My situation, however, has its challenges. First, I do not want to appear the slacker to my friends and extended family (the “dynamo working girl” comprises a larger part of my self-worth than I’d realized.) Secondly, because I fully intend to re-enter the workforce, I am cautioned by my career management coach (another perq of my severance package) that I be able to pepper any discussion of my hiatus with prospective employers with the sorts of personal-growth activities and meaningful volunteer work that speaks well of my “purposefulness.” Apparently, the fact that I managed to include line-caught halibut, ramps and fava beans in a single weekday meal —and compost the scraps — is not going to recommend me for that editor-in-chief position at Knopf.
So I am in constant need of an impressive array of meaningful/philanthropic/cerebral/free-spirited endeavors to relate whenever friends and potential employers ask me what I’ve been up to. I don’t even head down to the local coffee joint for a quick cuppa without having a few pithy lines at the ready. But industriousness, even when slightly feigned, is exhausting. I simply cannot keep up the pace and grow my own heirloom tomatoes. By necessity, I’ve learned to get serious mileage from a precious few activities that in my former working life might have earned only small codas in my Outlook calendar. I tell the truth, but with gusto.
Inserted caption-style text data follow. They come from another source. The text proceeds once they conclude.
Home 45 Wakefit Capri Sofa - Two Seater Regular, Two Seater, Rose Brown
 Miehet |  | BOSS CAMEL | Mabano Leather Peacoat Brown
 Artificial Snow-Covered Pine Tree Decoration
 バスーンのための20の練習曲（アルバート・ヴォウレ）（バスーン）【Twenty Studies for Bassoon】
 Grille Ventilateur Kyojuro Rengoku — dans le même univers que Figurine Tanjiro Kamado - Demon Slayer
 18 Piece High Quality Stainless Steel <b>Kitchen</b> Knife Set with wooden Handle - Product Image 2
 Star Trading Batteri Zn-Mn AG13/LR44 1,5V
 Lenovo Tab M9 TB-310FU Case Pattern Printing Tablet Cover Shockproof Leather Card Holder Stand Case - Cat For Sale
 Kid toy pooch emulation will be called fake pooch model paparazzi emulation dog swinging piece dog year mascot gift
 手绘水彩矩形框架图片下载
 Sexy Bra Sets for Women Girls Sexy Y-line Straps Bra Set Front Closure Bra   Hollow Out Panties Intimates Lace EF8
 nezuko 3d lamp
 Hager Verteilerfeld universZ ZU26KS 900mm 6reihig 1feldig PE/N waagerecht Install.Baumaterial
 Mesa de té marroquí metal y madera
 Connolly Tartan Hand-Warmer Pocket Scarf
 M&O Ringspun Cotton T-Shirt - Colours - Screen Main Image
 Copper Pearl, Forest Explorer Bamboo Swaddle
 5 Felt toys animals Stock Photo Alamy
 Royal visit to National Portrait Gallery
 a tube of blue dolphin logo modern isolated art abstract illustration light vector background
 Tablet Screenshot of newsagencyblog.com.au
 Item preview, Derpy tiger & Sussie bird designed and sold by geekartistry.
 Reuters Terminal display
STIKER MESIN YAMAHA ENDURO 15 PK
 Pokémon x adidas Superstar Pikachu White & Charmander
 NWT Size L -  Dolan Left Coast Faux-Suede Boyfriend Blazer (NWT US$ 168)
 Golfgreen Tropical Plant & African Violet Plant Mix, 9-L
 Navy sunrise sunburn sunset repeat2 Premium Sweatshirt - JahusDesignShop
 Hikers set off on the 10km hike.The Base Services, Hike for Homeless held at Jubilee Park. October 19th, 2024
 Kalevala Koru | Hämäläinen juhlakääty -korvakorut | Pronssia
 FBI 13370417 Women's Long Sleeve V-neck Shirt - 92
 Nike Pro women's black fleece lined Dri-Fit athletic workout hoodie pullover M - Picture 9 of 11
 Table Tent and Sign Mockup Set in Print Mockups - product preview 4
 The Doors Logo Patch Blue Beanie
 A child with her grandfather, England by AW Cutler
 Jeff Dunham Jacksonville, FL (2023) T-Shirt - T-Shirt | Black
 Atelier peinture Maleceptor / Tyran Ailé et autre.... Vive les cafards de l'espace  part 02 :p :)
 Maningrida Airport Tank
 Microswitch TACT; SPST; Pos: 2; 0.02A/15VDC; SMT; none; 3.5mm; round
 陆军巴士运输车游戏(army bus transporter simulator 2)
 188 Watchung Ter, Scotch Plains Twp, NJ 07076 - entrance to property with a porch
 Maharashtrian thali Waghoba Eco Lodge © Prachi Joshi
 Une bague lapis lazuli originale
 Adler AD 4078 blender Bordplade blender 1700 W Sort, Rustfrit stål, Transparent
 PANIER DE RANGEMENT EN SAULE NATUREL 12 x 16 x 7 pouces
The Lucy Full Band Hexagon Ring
I recently joined local writers and editors from my small Westchester town in presenting half-day language arts workshops to our local elementary school’s 4th and 5th graders. I had a grand total of five bright and adorable moppets in my group. They seemed to like the stuff I showed them on writing persuasive essays. Translation: “I taught a brief course on Aristotelian rhetorical modes at my local school which I understand is being considered for integration into the district literacy curriculum.” The strategy: slight overstatement (“course”) when it counts, coupled with discrete qualifiers (“I understand”) where they’re needed. Perhaps I did read a bit too much into the thank-you letter the committee sent me, but these days optimism is nothing to apologize for.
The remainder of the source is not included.